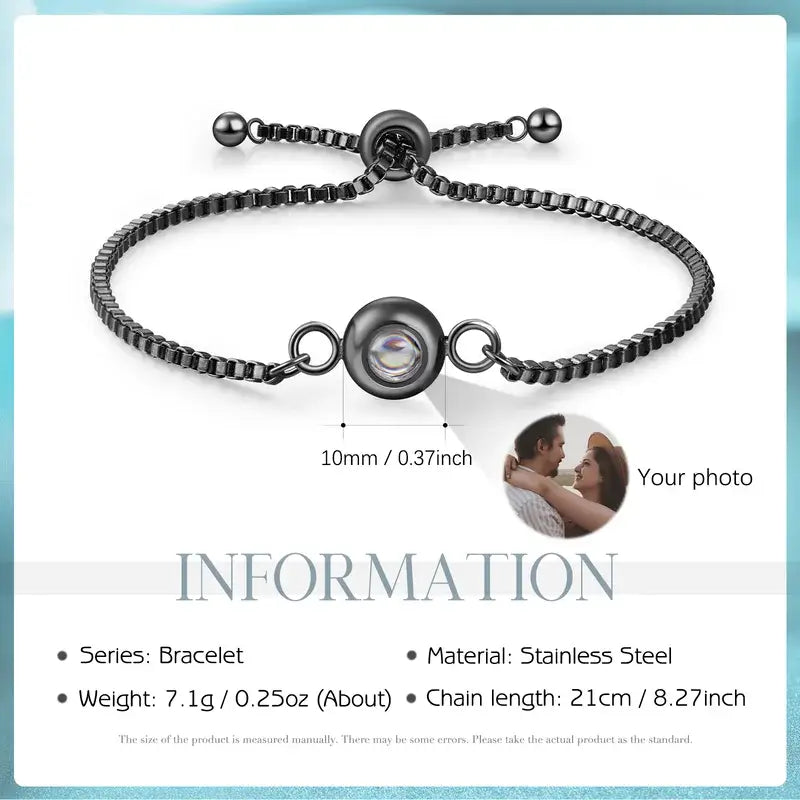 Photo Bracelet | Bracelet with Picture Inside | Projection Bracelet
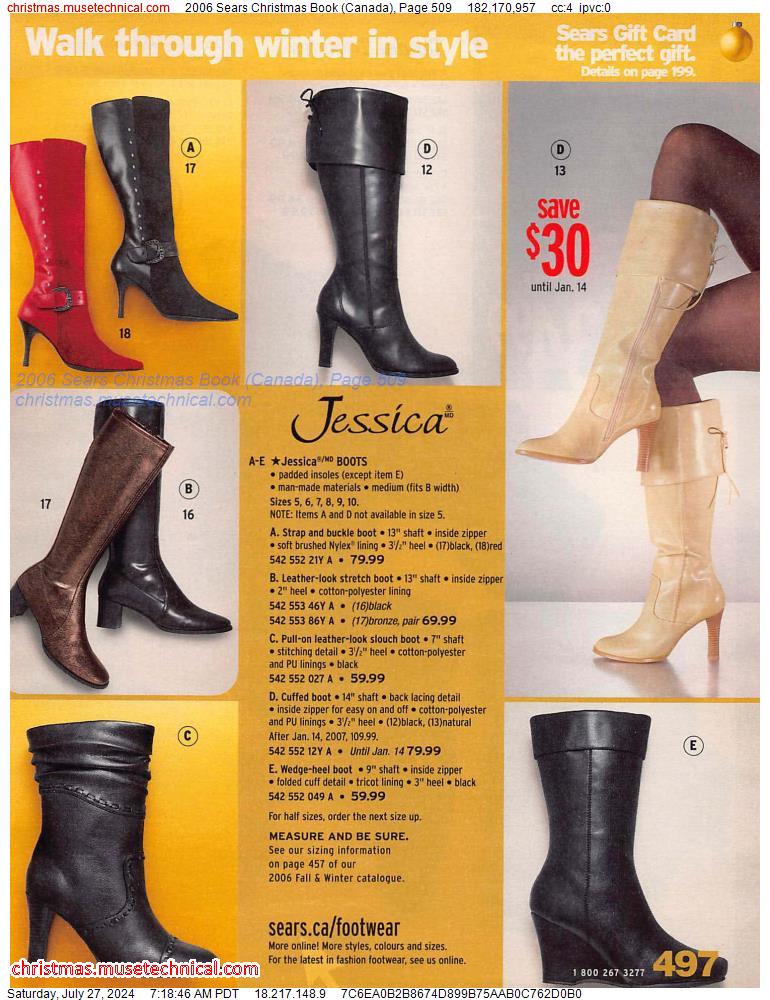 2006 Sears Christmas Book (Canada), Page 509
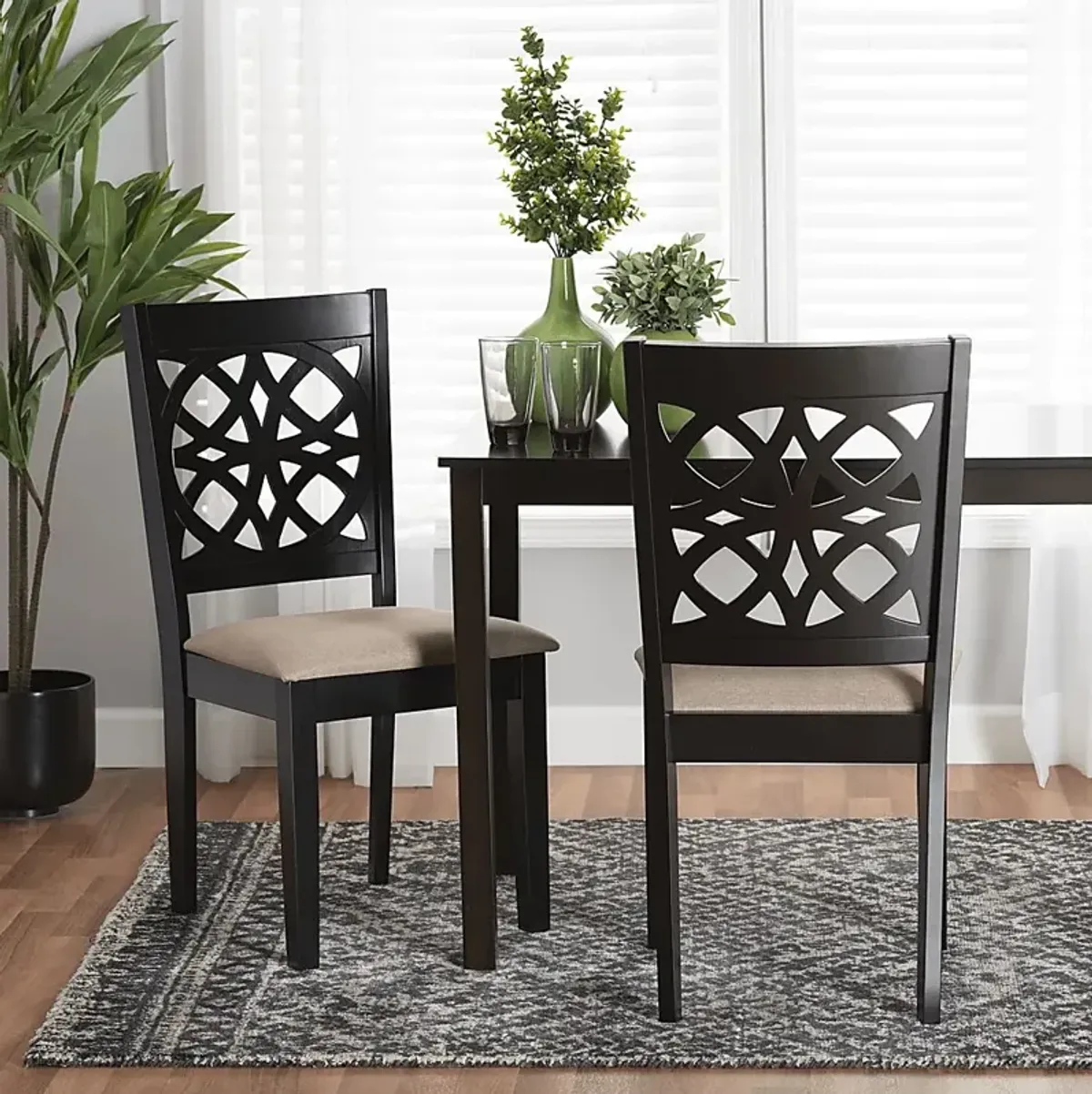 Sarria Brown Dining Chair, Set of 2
● ● ●
* What you should do
Reproduce the data above word for word, but leave the images out.

* Answer section
 Photo Bracelet | Bracelet with Picture Inside | Projection Bracelet
 2006 Sears Christmas Book (Canada), Page 509
 Sarria Brown Dining Chair, Set of 2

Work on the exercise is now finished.